Polyurethane

Polyurethane is in many products we interact with on a daily basis. Here is a breakdown of the material.

According to American Chemistry:

Polyurethanes are formed by reacting a polyol (an alcohol with more than two reactive hydroxyl groups per molecule) with a diisocyanate or a polymeric isocyanate in the presence of suitable catalysts and additives. Because a variety of diisocyanates and a wide range of polyols can be used to produce polyurethane, a broad spectrum of materials can be produced to meet the needs of specific applications.

The nature of the chemistry allows polyurethanes to be adapted to solve challenging problems, to be molded into unusual shapes and to enhance industrial and consumer products by adding comfort, warmth and convenience to our lives.

Polyurethanes help create durable products and improve energy efficiency and comfort.
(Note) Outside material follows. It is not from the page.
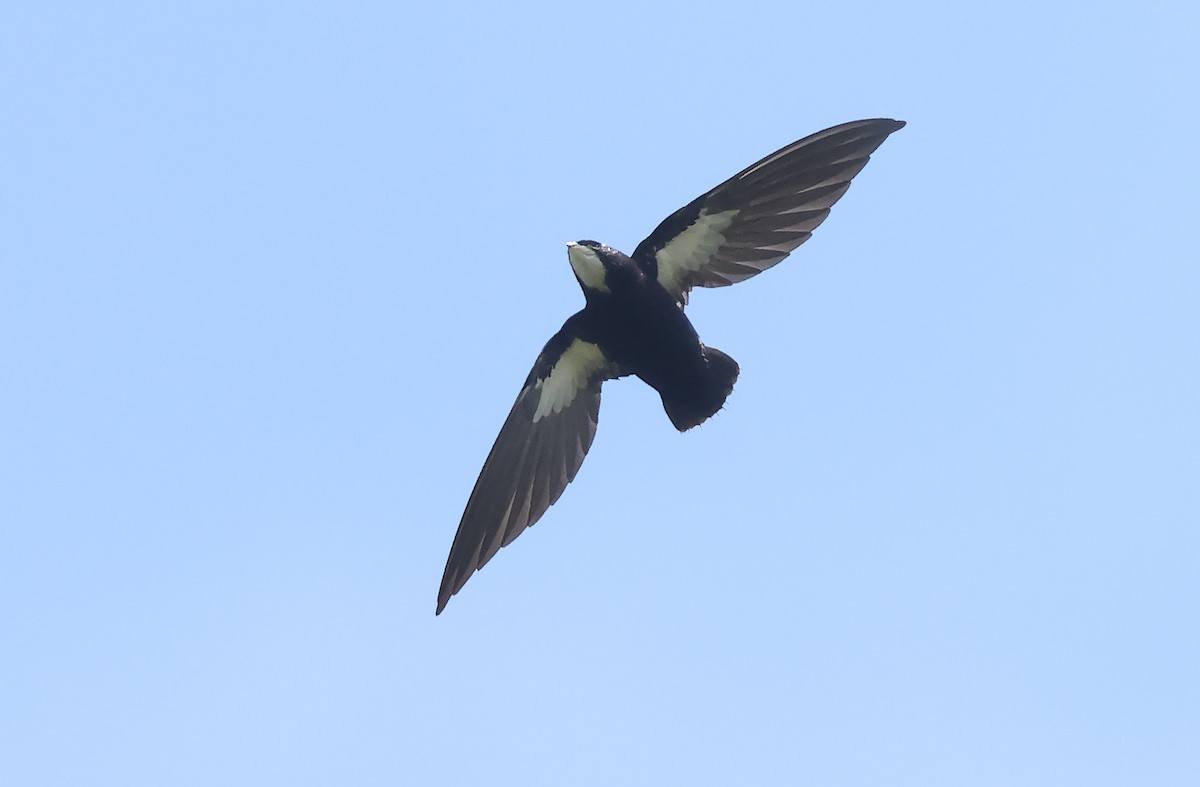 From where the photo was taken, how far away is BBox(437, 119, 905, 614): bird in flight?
15320mm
They make automotive panels lighter and help keep materials safe during transport. Polyurethanes are an excellent choice for improving energy efficiency and cutting greenhouse gas emissions.

Uses & Benefits
Insulation
Coatings
Adhesives
Sealants
Elastomers
High Gloss Finishes
Automotive Seats
Kitchen Appliances
Computers

State Phase-Down of HFCs in the Polyurethanes Industry
Some members of the polyurethanes industry are currently transitioning to low global warming potential (GWP) blowing agents. This transition has been complicated by the U.S. Court of Appeals – D.C. Circuit’s decisions to partially vacate the U.S. Environmental Protection Agency’s (EPA) Significant New Alternatives Policy (SNAP) Rules 20 and 21. SNAP Rules 20 and 21 prohibited the use of certain hydrofluorocarbon (HFC) blowing agents in certain foam sectors. The dates of prohibition for the foam sector varied from January 1, 2017 to January 1, 2021. Given the partial vacatur of SNAP Rules 20 and 21, there is no federal requirement to transition to low GWP blowing agents in the foam sector – including the SPF industry. The transition to low GWP is now being led by the states. California, New Jersey, Vermont, and Washington have enacted SNAP-like legislation prohibiting the use of HFCs in the foam sector. Several other states are working within existing authority to promulgate regulations implementing SNAP-like restrictions.